Regular readers of this column will know that I’m partial to movie references. This time around I find myself recalling a scene toward the end of ‘Saving Private Ryan’ where the lead character observes in bemused fashion: “Events have surely taken a turn for the surreal”.
I imagine that something very similar was said across most of the planet on hearing the news that the world’s wealthiest democracy had elected Donald J. Trump as its 45th president.
A week later, and having read a chunk of analysis pieces as to how the impossible happened, I come away with the impression that the best rationale available among all the political punditry is that it had something to do with the alignment of the planets.
The bottom line is that a maverick who became Republican candidate despite the best efforts of his adopted party somehow turned a brand of implausible hogwash into something eminently saleable.
I have an annoying associate who has been warning that Trump was a potential winner ever since the nomination. He reckoned that a simple message delivered in irreverent language would be enough to appeal to the uncomplicated average white US male who takes a bath wearing his Dodgers cap.
At this point I should clarify that my associate is Canadian by birth and therefore a tad biased. Furthermore, I can’t entirely accept his generalisations.
I saw enough middle-class, middle-income, college-educated electors stating beforehand why they thought Trump was more in touch with what’s left of the American Dream than the dynastic option on offer from the Clinton camp.
Even so, that’s not the full picture. A good number voted with their wallets in mind, but no-one can deny that there was also a deeply unsettling darker side to the Republican candidate.
In his victory speech and since, Trump uses conciliatory terms about “binding the wounds of division”. The fact that his own campaign consciously fostered much of that division is patently not forgotten by protestors in several US cities.
All that talk beforehand about “taking back the country” has people rattled - especially since it’s still not clear who the country is going to be taken back from.
As Obama found during his eight years in office, the ability of the White House to implement meaningful social and economic change is limited.
So the irony is that having wrested the top job from the grasp of the Washington elite, Trump is now obliged to buddy up to them, and especially in the Republican-run Congress.
Post-election analysis has it that it was Hilary Clinton’s election to lose; and she did. The deeply personalised nature of presidential politics meant that Democrats expended more energy being outraged by Trump rather than confronting him where it mattered.
There is talk about Michelle Obama being the 2020 Democrat candidate. This suggests to me that the message about voter disillusionment with pre-packaged candidates still isn't getting through.
But let’s be honest. These days, true wisdom in politics comes from knowing that you don’t know squat.

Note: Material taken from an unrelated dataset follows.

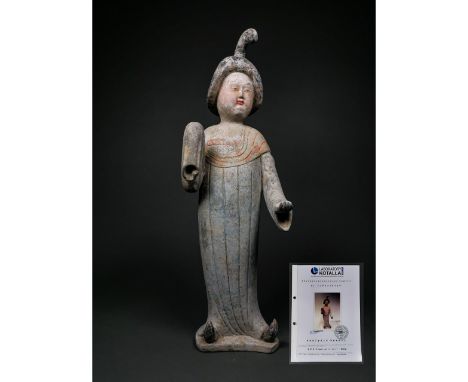 Ca. 618-906 AD; Tang Dynasty. A ceramic figure of a lady in floor-length courtly dress with left hand exposed and right hand 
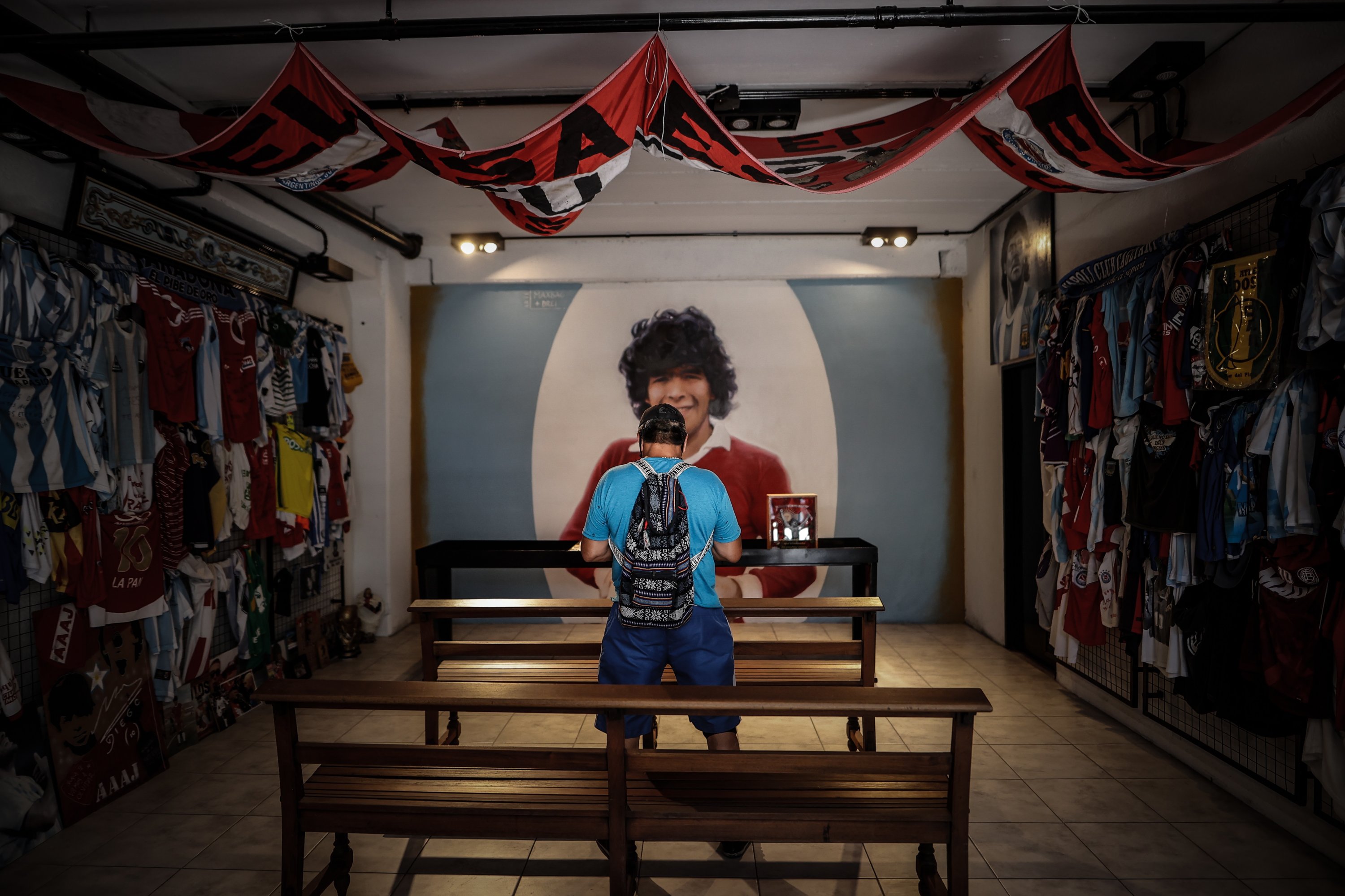 A person prays in a shrine in tribute to the late Argentine footballer Diego Maradona in Buenos Aires, Nov. 23, 2021. (EPA Photo)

Living with a Disunited States
It’s understandable that global reaction to the arrival of President-elect Trump has ranged from indifferent to downright hostile.
Less foreseeable was how the initial wide-eyed panic on financial markets quickly subsided. Analysts even began calculating the yield from promised tax cuts and scrapping most of Obamacare.
Trump’s announcement this week that he will deport or jail up to three million illegal migrants with criminal records signals his intent to near neighbours.
His voter base doesn’t care too much about political correctness nor do they want to save the planet. Big business however is not so ready to restore employment levels in the coal and steel industries. That could be a problem.
NATO membership remains tricky but Republicans in Congress are already rehearsing the fact that it’s they who call the shots on that one.
For the moment, the world seems no more than uneasy that the US has chosen a punchline for president. Give it time.
Baloney politics at work
Someone wrote to me insisting that Trump’s election represented an ‘anti-establishment zeitgeist phenomenon’. I haven’t responded, mostly because I have no idea what it means.
The note added how there are striking similarities between Trump and Hitler. I’m not qualified to make the comparison but I’ve always believed that it’s the circumstances of the day that produce certain types of leader, and not the other way around.
What’s more, it’s when democracy is at its most worthless in the eyes of the electorate that demagogues begin to sound attractive and even halfway believable.
Hitler wasn’t so personally forceful that he single-handedly managed to frustrate a desire for freedom and moderation amongst 80 million Germans.
What the Nazis successfully exploited was the principle of the ‘big lie’ blame-game underpinned by ambiguous promises of national greatness and restored honour.
It’s all baloney – and yet I’m betting the prospect of President Le Pen just got a lot closer.